-------- RECORDS FOR THIS TASK
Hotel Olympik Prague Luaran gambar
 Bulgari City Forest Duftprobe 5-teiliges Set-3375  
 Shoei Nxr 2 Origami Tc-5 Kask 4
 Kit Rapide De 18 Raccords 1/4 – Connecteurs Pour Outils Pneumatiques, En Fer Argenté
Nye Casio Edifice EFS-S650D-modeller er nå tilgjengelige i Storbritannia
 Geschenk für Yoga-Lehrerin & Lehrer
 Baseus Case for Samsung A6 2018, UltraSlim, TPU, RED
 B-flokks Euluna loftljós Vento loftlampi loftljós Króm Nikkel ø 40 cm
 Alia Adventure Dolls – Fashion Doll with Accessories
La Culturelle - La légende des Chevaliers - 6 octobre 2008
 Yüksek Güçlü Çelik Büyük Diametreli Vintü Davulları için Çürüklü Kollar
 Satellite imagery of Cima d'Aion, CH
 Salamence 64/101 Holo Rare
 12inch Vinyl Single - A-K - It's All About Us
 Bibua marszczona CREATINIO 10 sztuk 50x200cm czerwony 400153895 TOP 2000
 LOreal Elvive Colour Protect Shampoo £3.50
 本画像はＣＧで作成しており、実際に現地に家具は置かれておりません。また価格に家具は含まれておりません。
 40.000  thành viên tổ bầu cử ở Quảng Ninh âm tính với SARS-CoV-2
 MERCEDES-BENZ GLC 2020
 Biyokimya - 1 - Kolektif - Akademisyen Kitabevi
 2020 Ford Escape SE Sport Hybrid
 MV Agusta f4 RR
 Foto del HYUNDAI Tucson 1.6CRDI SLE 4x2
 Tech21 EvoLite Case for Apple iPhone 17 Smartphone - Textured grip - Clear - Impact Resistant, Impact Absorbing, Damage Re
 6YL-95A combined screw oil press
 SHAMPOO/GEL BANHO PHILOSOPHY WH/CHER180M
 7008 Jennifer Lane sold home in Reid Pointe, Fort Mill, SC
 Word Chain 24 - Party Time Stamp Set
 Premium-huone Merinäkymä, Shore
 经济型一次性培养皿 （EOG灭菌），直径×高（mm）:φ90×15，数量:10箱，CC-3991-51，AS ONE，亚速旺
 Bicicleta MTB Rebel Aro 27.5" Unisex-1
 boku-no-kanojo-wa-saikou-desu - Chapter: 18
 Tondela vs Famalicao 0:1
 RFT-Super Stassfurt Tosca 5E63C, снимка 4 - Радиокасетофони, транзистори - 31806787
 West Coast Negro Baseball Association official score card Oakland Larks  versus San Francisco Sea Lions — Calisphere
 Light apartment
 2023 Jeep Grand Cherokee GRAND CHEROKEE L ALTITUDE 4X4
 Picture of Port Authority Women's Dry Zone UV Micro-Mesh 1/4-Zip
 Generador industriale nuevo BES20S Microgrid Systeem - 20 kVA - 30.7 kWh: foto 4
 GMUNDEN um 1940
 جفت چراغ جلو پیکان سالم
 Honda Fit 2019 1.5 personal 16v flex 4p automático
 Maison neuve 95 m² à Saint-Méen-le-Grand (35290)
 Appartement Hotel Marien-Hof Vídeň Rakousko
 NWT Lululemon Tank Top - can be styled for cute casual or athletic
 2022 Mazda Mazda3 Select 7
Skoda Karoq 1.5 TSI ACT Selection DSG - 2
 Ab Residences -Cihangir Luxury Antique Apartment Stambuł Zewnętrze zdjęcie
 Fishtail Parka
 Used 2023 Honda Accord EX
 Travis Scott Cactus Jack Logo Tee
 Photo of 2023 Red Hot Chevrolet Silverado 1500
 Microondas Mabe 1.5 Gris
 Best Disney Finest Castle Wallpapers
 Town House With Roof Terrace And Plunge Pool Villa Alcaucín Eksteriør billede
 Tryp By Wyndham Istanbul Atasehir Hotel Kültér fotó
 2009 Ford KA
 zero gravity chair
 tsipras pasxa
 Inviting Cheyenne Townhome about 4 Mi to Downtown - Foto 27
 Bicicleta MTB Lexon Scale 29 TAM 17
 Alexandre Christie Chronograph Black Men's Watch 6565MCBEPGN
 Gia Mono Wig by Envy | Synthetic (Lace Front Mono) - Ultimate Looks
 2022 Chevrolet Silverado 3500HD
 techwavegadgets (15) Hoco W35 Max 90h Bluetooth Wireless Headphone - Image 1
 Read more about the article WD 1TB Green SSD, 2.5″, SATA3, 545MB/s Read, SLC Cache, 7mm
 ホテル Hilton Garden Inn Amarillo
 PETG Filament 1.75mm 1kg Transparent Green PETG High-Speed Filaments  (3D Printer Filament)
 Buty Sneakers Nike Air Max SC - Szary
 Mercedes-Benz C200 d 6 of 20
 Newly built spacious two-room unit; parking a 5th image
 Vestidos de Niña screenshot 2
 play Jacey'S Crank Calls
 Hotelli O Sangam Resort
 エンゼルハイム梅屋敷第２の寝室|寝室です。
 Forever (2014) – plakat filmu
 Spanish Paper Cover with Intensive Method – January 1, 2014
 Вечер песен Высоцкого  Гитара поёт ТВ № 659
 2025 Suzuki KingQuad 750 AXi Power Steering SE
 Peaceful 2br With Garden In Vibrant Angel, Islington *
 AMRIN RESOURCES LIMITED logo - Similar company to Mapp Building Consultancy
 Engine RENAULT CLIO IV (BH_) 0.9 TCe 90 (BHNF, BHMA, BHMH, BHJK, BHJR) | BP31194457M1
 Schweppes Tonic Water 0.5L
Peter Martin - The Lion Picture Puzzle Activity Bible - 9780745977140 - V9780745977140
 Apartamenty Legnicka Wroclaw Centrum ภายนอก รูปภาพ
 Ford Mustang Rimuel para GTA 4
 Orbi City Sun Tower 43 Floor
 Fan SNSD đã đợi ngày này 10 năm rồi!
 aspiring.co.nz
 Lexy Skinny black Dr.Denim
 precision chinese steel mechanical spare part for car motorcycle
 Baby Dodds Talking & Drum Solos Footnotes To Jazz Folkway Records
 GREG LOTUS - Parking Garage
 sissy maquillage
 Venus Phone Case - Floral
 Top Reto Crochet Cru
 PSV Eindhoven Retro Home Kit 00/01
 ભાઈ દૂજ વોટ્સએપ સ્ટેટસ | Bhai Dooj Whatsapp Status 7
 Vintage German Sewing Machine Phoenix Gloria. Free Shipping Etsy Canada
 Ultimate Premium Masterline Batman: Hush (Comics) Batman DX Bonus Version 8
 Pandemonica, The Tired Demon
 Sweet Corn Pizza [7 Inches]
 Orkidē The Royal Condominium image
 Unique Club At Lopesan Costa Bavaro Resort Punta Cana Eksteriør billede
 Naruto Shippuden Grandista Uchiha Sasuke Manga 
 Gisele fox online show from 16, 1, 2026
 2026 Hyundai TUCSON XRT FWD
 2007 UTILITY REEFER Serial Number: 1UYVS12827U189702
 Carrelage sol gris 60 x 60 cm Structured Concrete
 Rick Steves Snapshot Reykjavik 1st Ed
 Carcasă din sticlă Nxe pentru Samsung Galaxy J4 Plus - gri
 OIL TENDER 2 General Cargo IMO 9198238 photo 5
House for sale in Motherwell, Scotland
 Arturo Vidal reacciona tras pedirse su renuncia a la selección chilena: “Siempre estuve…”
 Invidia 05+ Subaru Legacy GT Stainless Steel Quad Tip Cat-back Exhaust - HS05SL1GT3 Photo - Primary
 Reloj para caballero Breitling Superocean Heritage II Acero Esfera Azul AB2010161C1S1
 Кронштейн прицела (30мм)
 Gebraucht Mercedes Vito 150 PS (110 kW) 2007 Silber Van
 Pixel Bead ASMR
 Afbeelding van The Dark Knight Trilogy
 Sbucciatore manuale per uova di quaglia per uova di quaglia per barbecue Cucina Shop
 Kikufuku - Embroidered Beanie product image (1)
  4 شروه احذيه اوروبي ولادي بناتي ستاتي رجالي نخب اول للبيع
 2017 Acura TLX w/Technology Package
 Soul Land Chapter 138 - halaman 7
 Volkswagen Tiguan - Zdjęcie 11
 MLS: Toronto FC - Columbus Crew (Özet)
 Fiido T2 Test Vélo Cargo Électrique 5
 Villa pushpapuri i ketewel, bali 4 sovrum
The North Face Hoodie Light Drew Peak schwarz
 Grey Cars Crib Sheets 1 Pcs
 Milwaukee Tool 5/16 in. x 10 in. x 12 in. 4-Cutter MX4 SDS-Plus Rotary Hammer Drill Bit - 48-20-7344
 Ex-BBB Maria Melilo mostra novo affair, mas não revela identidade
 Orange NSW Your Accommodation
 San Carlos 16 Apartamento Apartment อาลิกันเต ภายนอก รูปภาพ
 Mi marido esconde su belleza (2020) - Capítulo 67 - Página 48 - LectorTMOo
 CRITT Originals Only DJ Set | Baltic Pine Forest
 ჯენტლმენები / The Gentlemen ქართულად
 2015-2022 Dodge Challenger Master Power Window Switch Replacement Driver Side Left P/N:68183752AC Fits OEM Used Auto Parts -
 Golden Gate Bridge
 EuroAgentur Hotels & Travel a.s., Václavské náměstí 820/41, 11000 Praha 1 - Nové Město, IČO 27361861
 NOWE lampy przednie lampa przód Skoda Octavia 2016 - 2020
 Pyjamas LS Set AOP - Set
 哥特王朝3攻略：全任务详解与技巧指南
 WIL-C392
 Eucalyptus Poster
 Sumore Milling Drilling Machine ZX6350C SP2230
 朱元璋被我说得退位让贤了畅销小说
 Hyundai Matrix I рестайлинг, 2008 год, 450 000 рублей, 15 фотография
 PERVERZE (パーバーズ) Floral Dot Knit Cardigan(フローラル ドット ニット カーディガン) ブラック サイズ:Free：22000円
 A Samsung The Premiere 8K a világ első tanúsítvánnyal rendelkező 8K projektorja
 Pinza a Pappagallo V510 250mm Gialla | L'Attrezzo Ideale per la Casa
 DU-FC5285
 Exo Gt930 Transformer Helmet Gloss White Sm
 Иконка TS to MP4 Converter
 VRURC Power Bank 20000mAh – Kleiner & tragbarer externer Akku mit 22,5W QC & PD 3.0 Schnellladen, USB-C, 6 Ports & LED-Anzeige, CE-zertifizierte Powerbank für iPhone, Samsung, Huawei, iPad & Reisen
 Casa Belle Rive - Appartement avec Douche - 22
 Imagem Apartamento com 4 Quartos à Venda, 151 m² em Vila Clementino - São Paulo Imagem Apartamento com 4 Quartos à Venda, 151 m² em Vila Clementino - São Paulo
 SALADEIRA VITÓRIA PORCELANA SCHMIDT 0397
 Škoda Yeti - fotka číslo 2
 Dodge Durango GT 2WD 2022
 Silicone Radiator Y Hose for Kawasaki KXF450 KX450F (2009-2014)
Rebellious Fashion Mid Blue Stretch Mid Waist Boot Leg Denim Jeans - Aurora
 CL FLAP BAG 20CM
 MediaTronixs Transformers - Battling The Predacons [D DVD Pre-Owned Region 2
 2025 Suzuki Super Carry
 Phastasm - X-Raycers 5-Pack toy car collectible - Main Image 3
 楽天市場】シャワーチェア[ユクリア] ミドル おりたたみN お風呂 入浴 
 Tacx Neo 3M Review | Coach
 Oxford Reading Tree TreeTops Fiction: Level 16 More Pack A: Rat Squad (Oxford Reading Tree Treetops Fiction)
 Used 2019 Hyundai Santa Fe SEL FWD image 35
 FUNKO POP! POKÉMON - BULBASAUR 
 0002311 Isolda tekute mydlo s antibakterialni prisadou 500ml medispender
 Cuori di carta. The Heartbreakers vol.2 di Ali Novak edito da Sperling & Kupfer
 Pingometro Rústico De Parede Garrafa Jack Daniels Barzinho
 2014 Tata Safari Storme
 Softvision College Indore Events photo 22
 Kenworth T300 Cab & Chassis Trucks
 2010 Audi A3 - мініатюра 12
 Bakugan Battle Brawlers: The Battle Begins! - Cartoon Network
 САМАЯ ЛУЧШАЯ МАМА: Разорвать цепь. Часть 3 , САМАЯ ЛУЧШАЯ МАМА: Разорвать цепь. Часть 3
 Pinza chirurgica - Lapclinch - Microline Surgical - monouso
----------------
**EXERCISE OBJECTIVE**. Please copy, word for word, every line from the first line of the records through the line containing "LOreal Elvive Colour Protect Shampoo £3.50", with both of those lines included and nothing else.

**SOLVED PROBLEM**.
Hotel Olympik Prague Luaran gambar
 Bulgari City Forest Duftprobe 5-teiliges Set-3375  
 Shoei Nxr 2 Origami Tc-5 Kask 4
 Kit Rapide De 18 Raccords 1/4 – Connecteurs Pour Outils Pneumatiques, En Fer Argenté
Nye Casio Edifice EFS-S650D-modeller er nå tilgjengelige i Storbritannia
 Geschenk für Yoga-Lehrerin & Lehrer
 Baseus Case for Samsung A6 2018, UltraSlim, TPU, RED
 B-flokks Euluna loftljós Vento loftlampi loftljós Króm Nikkel ø 40 cm
 Alia Adventure Dolls – Fashion Doll with Accessories
La Culturelle - La légende des Chevaliers - 6 octobre 2008
 Yüksek Güçlü Çelik Büyük Diametreli Vintü Davulları için Çürüklü Kollar
 Satellite imagery of Cima d'Aion, CH
 Salamence 64/101 Holo Rare
 12inch Vinyl Single - A-K - It's All About Us
 Bibua marszczona CREATINIO 10 sztuk 50x200cm czerwony 400153895 TOP 2000
 LOreal Elvive Colour Protect Shampoo £3.50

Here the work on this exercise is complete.